◆ **EXERCISE PROMPT**:
Two lines below mark the span: the one containing "signature de l'artiste" and the one containing "Detached House for". Set down both, plus every line between, exactly as they stand, and nothing else.

◆ **DATASET CONTENT**:
-- Opening Marker --

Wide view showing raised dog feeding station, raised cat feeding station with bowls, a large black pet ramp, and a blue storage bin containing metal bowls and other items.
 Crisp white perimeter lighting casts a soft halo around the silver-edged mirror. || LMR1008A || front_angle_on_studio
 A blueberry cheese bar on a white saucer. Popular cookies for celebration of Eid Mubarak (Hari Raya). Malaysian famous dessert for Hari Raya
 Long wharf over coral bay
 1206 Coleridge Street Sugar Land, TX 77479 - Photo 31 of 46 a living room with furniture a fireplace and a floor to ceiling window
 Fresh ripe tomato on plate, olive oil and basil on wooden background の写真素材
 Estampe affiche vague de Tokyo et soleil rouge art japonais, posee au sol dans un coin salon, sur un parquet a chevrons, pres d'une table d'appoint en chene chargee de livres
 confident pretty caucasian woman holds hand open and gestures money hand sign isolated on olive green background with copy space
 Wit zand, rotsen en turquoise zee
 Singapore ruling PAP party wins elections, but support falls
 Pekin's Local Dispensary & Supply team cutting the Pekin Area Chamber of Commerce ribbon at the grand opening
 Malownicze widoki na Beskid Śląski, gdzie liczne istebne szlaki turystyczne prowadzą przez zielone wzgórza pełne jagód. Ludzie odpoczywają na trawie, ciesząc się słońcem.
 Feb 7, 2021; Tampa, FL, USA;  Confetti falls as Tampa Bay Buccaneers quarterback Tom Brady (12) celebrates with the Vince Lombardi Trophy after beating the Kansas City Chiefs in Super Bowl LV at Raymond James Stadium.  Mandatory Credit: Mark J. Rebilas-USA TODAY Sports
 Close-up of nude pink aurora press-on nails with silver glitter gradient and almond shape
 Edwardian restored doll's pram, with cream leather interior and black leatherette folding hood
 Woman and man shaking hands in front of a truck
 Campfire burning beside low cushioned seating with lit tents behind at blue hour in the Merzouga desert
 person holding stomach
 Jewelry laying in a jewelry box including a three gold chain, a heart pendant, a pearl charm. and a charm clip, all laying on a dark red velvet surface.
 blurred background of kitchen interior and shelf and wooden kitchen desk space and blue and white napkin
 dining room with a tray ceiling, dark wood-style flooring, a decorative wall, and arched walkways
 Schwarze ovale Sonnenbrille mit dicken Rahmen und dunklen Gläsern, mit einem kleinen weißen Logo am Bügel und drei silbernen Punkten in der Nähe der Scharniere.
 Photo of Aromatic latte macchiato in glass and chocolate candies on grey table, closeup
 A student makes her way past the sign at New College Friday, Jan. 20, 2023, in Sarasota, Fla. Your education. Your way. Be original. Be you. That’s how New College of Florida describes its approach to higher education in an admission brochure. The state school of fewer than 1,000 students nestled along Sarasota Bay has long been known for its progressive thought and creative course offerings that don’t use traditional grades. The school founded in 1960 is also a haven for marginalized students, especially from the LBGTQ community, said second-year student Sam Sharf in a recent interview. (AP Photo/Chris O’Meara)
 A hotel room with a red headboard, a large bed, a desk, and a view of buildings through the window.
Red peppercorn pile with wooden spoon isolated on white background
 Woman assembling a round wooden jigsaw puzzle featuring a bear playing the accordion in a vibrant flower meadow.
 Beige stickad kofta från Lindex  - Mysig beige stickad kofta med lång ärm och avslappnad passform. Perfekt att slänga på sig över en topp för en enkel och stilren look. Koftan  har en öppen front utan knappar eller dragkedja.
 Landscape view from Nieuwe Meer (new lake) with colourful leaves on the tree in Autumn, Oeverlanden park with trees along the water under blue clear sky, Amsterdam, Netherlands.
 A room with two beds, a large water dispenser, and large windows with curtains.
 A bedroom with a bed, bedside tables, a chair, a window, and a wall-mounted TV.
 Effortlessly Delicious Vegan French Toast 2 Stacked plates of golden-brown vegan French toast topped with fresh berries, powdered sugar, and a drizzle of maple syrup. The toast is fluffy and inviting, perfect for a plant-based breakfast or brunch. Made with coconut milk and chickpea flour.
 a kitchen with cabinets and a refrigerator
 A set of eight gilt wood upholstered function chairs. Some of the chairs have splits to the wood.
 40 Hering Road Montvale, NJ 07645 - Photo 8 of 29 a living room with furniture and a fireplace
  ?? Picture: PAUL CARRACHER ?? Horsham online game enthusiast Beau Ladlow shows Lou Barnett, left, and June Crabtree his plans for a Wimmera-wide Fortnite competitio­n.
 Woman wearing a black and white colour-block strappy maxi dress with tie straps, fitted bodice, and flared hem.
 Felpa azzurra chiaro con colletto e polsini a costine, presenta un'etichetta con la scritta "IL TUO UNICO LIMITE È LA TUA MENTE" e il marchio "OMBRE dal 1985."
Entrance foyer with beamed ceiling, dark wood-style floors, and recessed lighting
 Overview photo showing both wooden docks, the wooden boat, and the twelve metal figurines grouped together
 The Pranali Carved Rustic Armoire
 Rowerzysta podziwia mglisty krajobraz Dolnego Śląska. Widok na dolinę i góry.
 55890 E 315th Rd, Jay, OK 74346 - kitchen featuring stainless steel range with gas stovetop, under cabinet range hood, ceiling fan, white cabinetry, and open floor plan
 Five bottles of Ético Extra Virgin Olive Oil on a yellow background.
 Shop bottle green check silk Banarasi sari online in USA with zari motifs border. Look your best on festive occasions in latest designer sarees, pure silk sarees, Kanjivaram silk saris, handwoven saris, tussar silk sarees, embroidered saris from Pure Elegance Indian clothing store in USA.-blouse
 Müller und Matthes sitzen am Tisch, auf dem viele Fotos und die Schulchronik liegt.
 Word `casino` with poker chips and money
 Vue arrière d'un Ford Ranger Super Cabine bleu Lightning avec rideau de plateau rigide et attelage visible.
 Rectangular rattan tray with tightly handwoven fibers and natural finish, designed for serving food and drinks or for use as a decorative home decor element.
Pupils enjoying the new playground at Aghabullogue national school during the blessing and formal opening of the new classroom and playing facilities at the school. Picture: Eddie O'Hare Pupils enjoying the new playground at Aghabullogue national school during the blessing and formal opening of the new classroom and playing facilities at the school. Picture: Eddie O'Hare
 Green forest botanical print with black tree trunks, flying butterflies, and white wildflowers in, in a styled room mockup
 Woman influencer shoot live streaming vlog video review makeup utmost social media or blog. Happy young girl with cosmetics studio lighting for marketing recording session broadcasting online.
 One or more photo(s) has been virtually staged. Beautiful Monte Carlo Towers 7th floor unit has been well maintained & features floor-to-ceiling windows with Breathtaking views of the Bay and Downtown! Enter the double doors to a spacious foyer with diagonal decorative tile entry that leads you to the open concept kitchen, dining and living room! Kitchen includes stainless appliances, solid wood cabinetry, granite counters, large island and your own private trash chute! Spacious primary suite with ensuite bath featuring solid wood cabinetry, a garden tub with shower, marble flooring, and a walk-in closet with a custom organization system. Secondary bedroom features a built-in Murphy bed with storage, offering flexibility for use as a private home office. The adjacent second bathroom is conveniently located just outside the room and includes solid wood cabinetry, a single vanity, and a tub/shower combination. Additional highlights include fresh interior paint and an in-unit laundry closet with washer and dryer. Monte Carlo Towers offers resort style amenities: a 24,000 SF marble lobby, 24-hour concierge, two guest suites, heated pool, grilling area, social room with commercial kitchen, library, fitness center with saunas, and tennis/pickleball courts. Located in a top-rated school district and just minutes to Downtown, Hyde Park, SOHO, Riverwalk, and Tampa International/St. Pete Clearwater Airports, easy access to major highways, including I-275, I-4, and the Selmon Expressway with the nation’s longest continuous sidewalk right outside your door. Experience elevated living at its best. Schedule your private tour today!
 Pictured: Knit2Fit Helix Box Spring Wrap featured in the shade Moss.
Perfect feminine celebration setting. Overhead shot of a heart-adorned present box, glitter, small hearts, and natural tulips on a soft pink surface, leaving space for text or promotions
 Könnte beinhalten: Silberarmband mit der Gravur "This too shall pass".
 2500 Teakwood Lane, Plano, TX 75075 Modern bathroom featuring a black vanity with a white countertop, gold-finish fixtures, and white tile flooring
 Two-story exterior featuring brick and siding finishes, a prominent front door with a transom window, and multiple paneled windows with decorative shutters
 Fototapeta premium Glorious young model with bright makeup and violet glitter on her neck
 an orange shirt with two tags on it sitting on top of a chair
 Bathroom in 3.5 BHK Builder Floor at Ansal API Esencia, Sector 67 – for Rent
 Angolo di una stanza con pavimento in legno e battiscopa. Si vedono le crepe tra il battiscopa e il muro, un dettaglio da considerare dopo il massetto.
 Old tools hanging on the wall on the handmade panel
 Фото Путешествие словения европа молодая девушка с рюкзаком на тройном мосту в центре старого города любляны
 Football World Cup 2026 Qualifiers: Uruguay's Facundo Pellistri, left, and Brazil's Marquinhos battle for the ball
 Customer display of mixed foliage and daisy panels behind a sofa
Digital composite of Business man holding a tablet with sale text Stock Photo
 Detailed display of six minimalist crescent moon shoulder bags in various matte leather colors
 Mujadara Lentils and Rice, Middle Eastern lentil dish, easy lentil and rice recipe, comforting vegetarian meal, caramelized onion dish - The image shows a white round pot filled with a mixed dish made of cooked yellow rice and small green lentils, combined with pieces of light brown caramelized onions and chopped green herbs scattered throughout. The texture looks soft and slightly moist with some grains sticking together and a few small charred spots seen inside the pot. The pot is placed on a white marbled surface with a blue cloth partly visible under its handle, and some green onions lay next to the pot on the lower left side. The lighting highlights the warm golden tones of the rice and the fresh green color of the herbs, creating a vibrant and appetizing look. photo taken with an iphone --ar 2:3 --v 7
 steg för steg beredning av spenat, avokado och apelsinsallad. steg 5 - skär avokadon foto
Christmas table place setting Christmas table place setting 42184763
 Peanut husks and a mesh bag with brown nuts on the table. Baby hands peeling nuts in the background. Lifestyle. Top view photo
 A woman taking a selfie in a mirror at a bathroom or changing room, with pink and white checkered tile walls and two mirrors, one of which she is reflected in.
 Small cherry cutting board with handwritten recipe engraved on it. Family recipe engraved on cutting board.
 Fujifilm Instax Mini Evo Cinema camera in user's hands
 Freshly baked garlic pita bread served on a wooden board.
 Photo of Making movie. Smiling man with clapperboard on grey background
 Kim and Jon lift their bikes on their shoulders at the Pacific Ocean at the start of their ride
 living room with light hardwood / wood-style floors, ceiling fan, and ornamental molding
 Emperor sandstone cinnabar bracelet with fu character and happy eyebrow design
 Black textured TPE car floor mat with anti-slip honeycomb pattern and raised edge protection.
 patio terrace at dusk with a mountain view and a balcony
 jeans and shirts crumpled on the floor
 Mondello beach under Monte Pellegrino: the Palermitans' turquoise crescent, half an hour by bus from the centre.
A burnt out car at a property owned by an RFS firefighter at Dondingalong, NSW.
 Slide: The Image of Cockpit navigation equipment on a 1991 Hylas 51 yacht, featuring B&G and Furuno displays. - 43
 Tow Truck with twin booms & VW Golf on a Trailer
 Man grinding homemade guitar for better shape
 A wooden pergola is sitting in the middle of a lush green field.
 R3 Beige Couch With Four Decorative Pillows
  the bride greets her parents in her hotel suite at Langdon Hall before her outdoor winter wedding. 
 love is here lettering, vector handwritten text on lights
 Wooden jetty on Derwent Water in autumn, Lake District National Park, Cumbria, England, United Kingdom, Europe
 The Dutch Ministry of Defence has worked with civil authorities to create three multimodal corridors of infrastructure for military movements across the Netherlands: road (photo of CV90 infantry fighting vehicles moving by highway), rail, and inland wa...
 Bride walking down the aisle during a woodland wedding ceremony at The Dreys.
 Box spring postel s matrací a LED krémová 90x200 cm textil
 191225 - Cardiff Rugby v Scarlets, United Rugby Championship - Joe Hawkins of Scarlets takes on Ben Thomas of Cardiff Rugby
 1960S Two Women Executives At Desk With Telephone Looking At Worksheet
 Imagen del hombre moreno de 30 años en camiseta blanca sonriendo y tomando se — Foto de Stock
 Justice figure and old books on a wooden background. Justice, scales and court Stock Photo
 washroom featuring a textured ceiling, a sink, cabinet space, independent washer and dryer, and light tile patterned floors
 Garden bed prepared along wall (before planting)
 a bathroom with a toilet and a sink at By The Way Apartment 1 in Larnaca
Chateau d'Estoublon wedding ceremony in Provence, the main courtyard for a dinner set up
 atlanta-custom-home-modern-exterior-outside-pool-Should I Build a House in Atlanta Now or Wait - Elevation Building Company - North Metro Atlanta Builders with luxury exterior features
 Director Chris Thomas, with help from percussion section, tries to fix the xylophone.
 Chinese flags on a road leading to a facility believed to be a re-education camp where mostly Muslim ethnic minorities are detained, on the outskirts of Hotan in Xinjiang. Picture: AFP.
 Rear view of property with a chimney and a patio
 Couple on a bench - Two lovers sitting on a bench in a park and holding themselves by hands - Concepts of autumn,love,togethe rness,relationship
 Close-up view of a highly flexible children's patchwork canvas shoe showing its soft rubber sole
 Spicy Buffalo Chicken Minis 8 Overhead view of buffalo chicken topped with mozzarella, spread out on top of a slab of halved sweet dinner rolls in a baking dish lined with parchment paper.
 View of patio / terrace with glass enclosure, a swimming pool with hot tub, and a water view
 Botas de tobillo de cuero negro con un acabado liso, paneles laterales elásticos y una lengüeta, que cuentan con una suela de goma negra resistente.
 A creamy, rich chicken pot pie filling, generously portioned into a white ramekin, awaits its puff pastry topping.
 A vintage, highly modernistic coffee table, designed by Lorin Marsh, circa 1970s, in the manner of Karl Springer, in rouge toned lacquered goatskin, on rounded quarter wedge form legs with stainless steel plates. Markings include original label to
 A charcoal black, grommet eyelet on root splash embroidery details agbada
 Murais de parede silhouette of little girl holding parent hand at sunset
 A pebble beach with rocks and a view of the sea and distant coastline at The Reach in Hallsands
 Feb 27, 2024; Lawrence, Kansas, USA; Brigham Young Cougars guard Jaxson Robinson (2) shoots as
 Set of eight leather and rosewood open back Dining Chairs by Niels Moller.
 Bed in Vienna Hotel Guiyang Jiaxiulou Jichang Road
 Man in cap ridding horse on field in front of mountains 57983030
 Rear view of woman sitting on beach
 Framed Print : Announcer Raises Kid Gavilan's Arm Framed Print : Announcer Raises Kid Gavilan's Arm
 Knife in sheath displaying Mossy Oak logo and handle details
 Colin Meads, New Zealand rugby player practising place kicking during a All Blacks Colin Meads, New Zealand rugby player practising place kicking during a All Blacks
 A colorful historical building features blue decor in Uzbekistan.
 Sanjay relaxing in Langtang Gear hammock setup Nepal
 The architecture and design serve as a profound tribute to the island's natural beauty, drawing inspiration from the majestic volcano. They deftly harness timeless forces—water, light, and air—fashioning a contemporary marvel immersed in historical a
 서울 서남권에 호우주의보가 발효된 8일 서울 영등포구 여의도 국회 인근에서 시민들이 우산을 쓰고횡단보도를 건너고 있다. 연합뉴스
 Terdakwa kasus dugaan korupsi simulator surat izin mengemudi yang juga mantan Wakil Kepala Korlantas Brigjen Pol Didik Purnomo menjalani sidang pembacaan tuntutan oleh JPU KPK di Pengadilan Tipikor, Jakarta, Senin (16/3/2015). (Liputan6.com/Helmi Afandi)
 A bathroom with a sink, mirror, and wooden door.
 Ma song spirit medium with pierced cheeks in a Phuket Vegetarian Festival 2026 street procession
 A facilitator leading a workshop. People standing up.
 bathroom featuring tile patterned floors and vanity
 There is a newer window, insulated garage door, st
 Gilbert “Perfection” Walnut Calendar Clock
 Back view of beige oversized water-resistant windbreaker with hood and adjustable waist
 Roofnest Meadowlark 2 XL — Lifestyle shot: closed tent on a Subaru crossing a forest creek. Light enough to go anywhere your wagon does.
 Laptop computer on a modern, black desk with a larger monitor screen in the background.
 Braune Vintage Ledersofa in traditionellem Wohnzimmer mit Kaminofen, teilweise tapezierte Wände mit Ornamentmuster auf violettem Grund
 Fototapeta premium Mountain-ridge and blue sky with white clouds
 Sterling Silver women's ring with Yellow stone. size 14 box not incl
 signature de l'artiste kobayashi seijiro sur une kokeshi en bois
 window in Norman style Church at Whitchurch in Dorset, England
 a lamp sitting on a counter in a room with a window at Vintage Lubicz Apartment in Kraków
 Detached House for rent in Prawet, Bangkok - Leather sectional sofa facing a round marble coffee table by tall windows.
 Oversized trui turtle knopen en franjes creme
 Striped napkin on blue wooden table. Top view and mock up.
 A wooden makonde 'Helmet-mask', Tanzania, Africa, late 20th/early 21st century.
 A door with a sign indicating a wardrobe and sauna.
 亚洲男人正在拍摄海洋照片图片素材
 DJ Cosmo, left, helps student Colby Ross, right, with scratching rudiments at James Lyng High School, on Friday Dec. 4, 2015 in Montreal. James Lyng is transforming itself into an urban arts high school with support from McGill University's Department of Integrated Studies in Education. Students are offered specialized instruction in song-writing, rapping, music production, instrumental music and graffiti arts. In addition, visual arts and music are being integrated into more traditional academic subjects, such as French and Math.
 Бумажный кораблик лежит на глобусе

-- Closing Marker --

◆ **SOLUTION FOR THIS EXERCISE**:
 signature de l'artiste kobayashi seijiro sur une kokeshi en bois
 window in Norman style Church at Whitchurch in Dorset, England
 a lamp sitting on a counter in a room with a window at Vintage Lubicz Apartment in Kraków
 Detached House for rent in Prawet, Bangkok - Leather sectional sofa facing a round marble coffee table by tall windows.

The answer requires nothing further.